# Lichess Puzzle Database Loader
The `load_lichess_puzzles` binary downloads and processes Lichess puzzles directly into the chess vector engine database.
## Usage
### Basic Usage
```bash
# Load puzzles from a local CSV file
cargo run --bin load_lichess_puzzles -- --input my_puzzles.csv --max-puzzles 10000
# Download and load puzzles automatically
cargo run --bin load_lichess_puzzles -- --download --max-puzzles 10000
# Use custom database and rating range
cargo run --bin load_lichess_puzzles -- --input puzzles.csv --database my_engine.db --min-rating 1200 --max-rating 2200
```
### Command Line Options
- `--input <FILE>`: Path to Lichess puzzle CSV file (default: `lichess_db_puzzle.csv`)

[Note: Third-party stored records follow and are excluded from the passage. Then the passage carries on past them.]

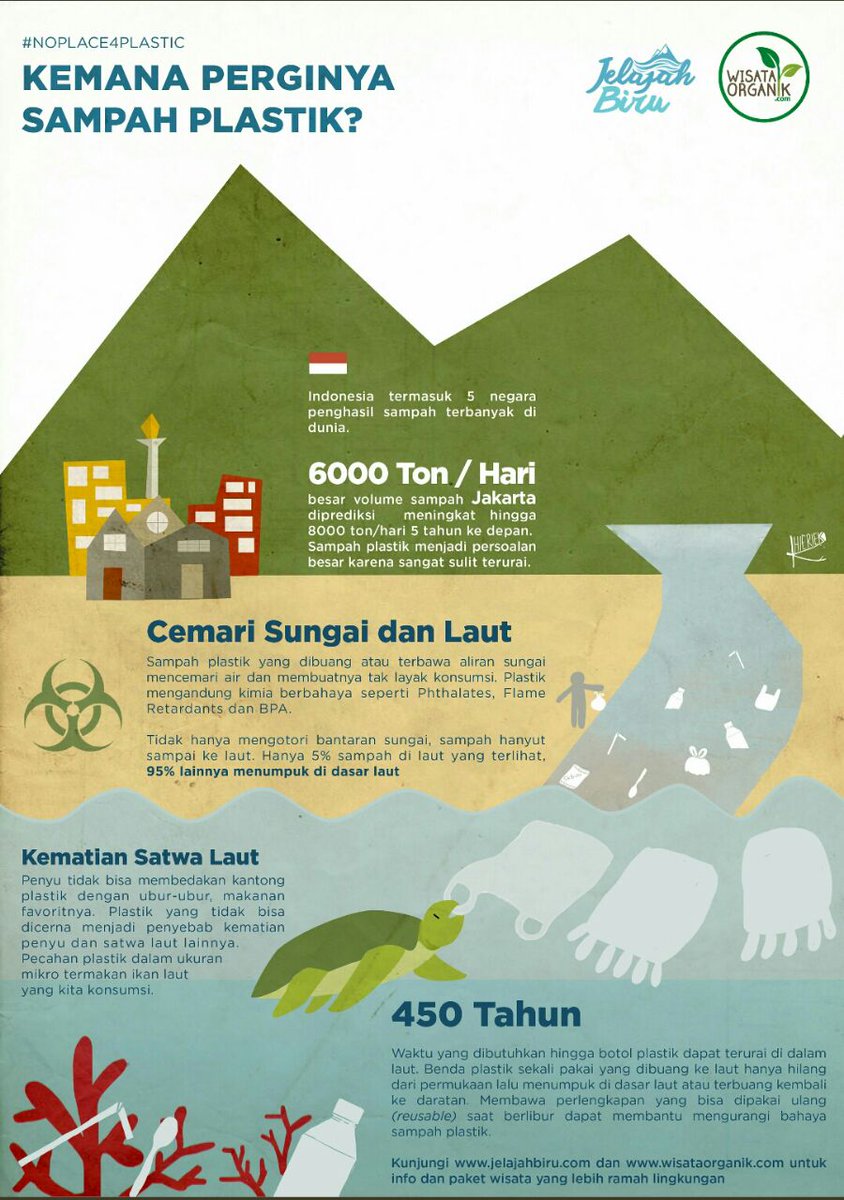 Kemana perginya sampah plastik?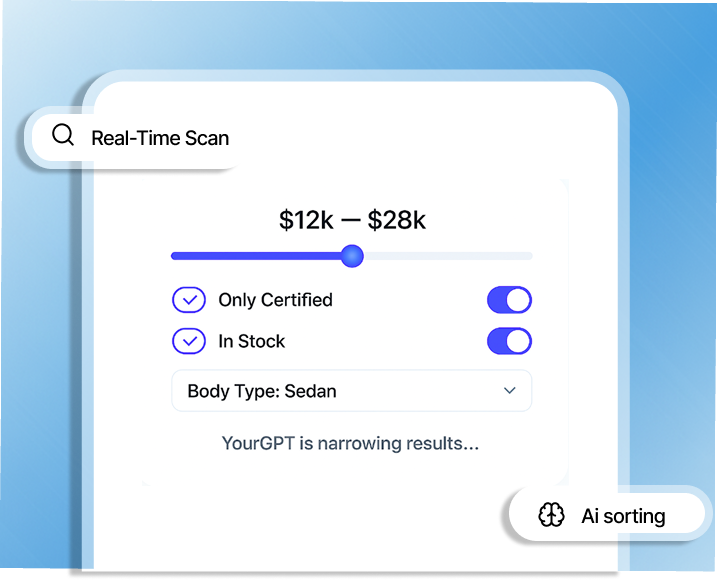 Live Inventory Browsing – Automotive AI Chatbot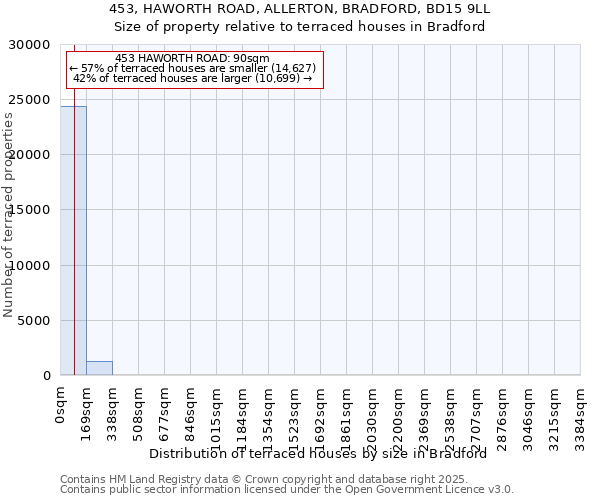 453, HAWORTH ROAD, ALLERTON, BRADFORD, BD15 9LL: Size of property relative to terraced houses houses in Bradford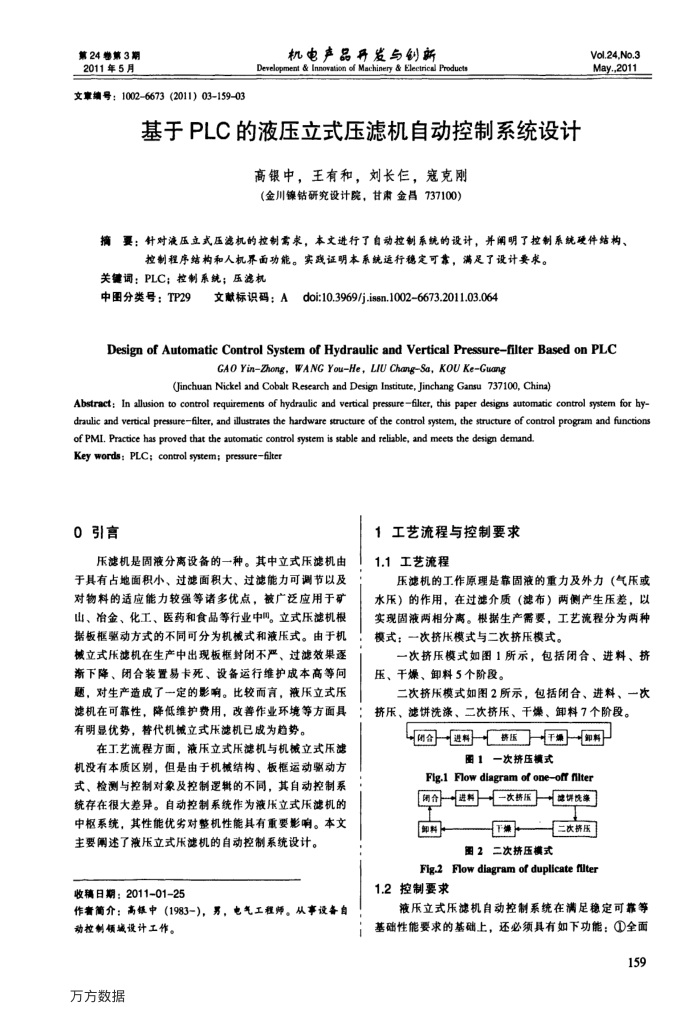 基于PLC的液压立式压滤机自动控制系统设计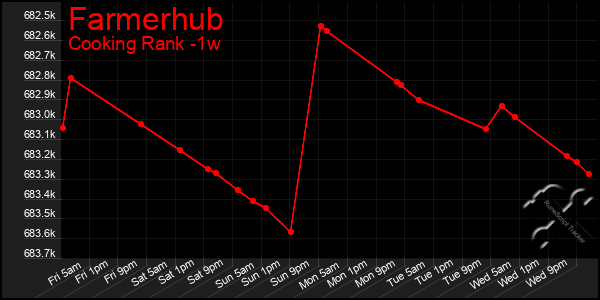 Last 7 Days Graph of Farmerhub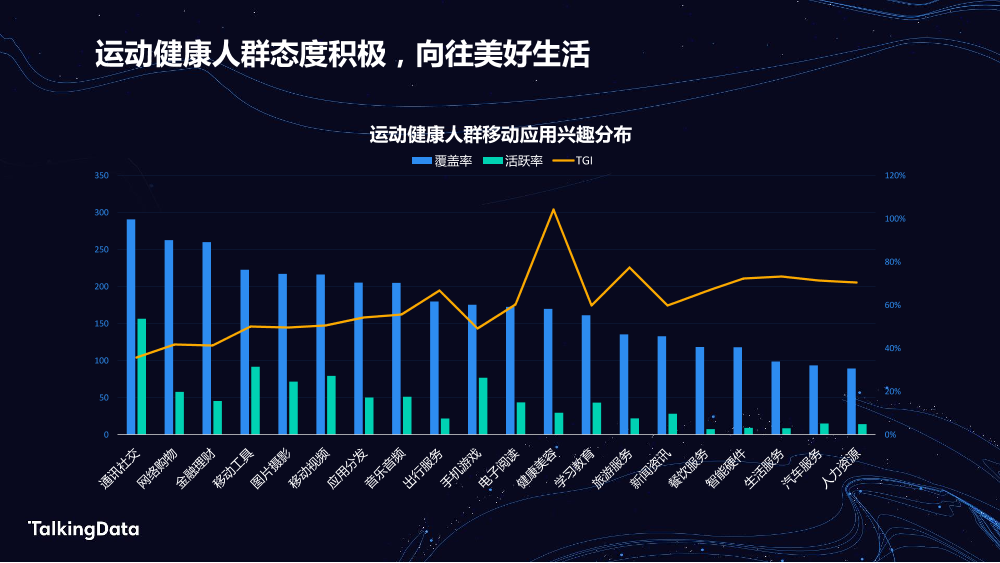 TalkingData运动健康_1578303038657-6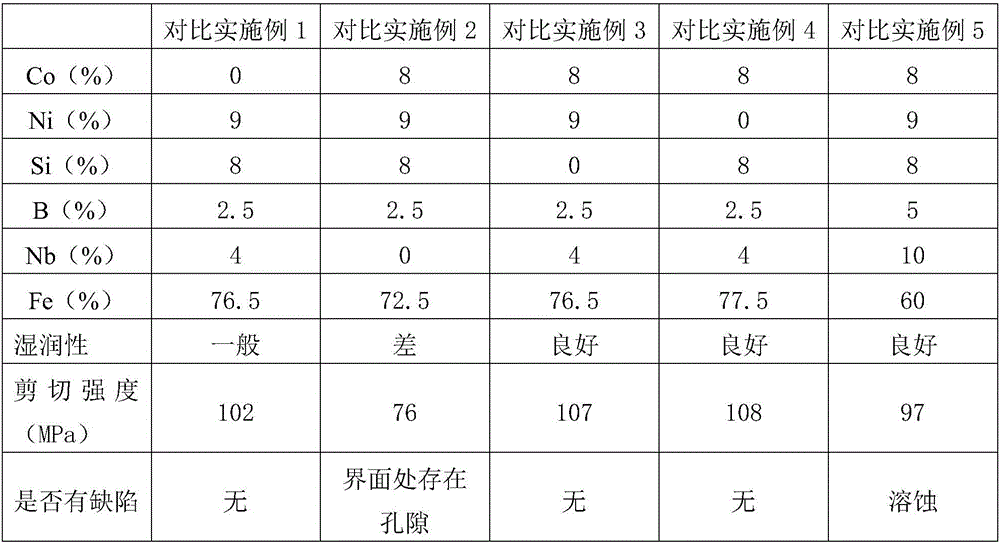 High temperature Fe-based solder for brazing 50Mo-50Re alloy and preparation method thereof, and brazing process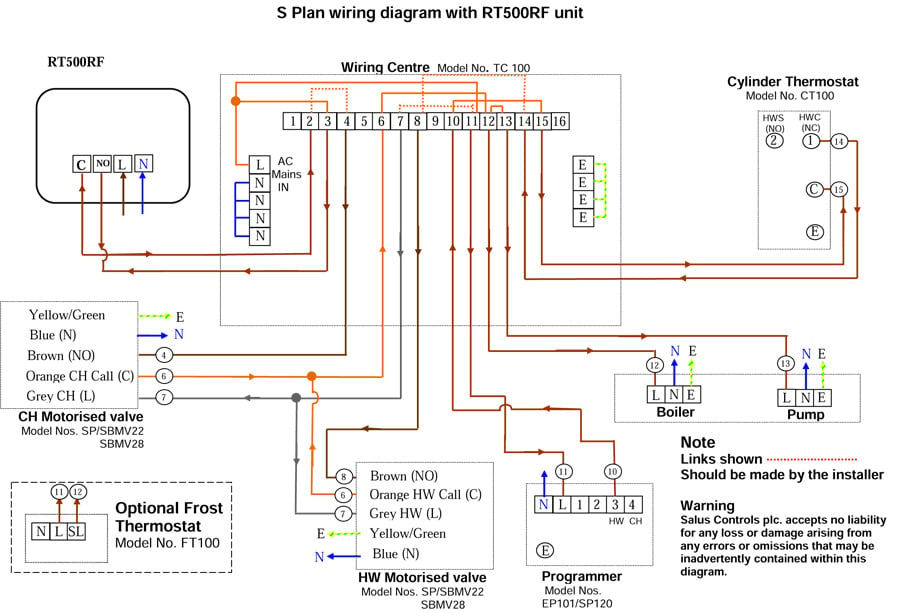 splan wiring diagram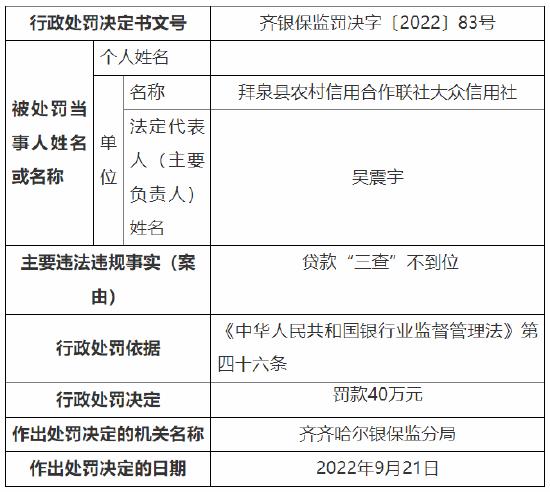 因贷款“三查”不到位 拜泉县农信社三家分社合计被罚135万元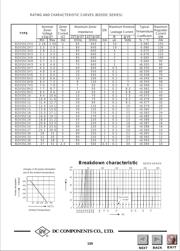 BZX55C5V6 datasheet.datasheet_page 2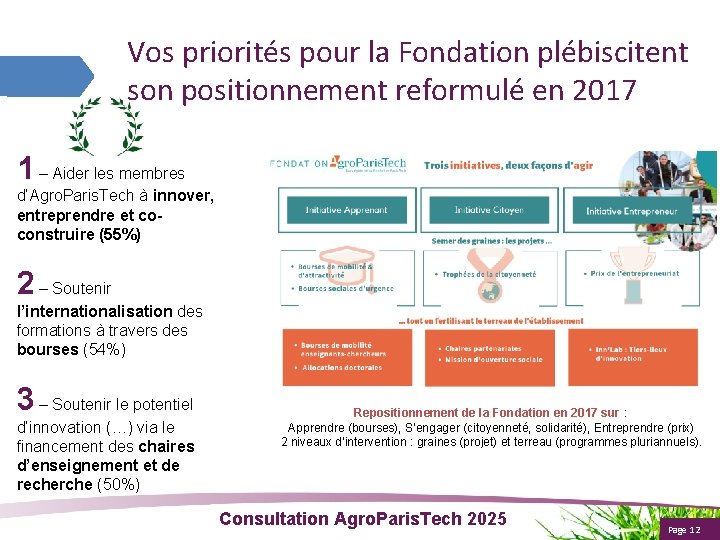 Vos priorités pour la Fondation plébiscitent son positionnement reformulé en 2017 1 – Aider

- `--max-puzzles <N>`: Maximum number of puzzles to load (default: 10,000)
- `--database <PATH>`: Database path for persistence (default: `chess_vector_engine.db`)
- `--download`: Download the puzzle database if not found locally
- `--min-rating <N>`: Minimum puzzle rating to include (default: 1000)
- `--max-rating <N>`: Maximum puzzle rating to include (default: 2000)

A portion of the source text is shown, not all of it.